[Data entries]
● ● ● ● ●
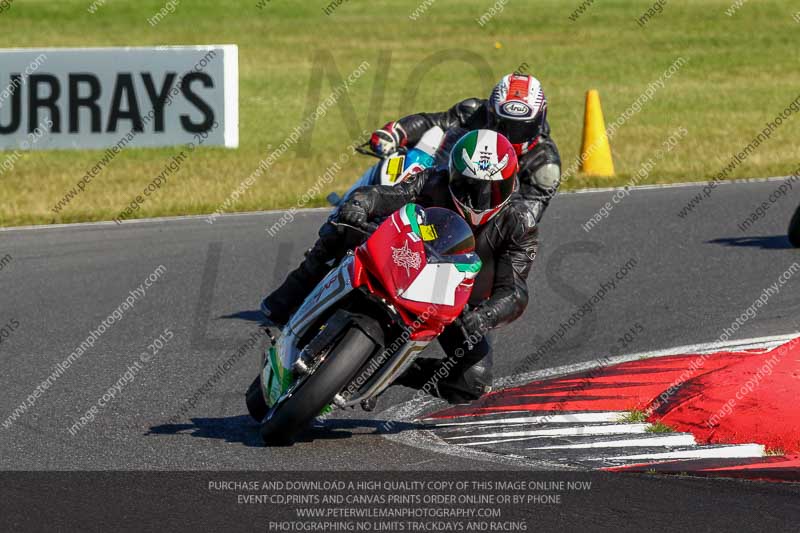 enduro digital images;event digital images;eventdigitalimages;no limits trackdays;peter wileman photography;racing digital images;snetterton;snetterton no limits trackday;snetterton photographs;snetterton trackday photographs;trackday digital images;trackday photos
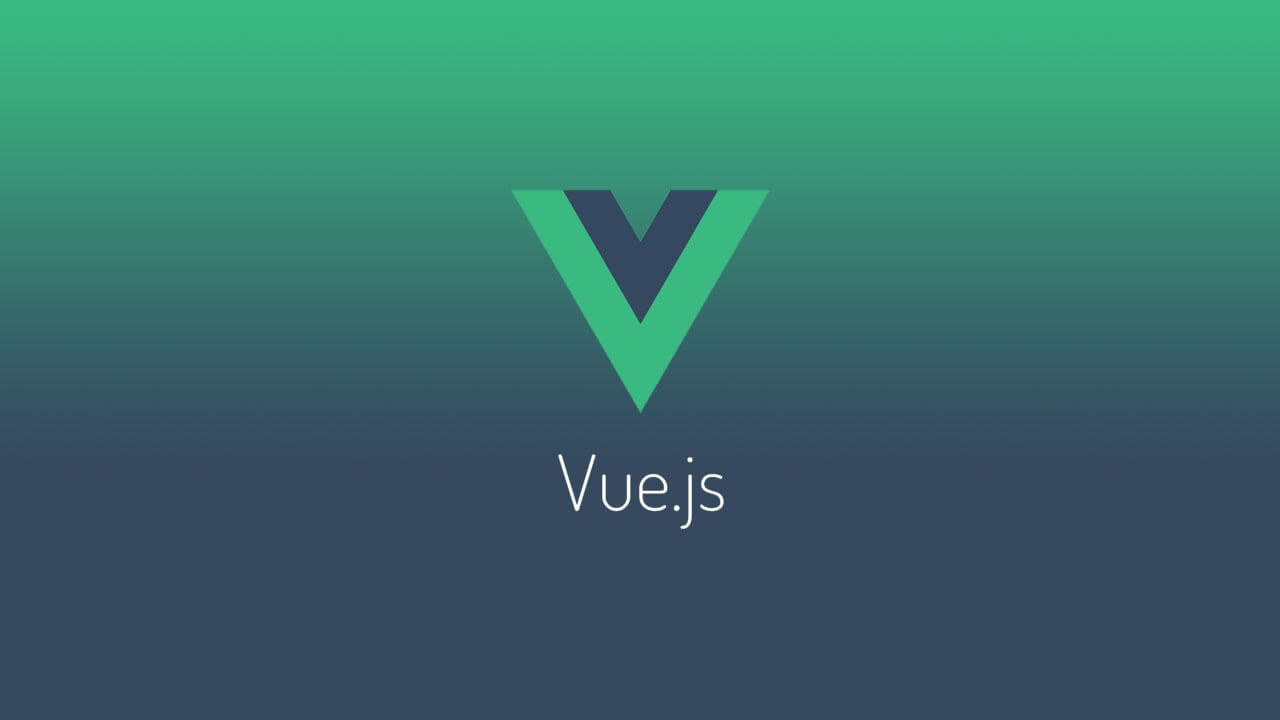 vuejs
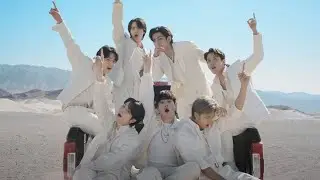BTS 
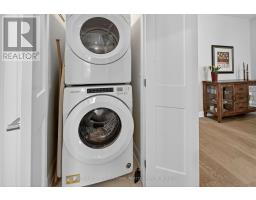 406 - 129a South Street, Gananoque, ON K7G0A9 Photo 17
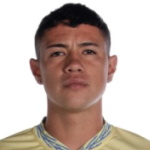 Emilio Lara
● ● ● ● ●
● **WORK TO BE COMPLETED**:
Copy every entry word for word, but omit the pictures.

● **RESPONSE TO THIS TASK**:
 enduro digital images;event digital images;eventdigitalimages;no limits trackdays;peter wileman photography;racing digital images;snetterton;snetterton no limits trackday;snetterton photographs;snetterton trackday photographs;trackday digital images;trackday photos
 vuejs
BTS 
 406 - 129a South Street, Gananoque, ON K7G0A9 Photo 17
 Emilio Lara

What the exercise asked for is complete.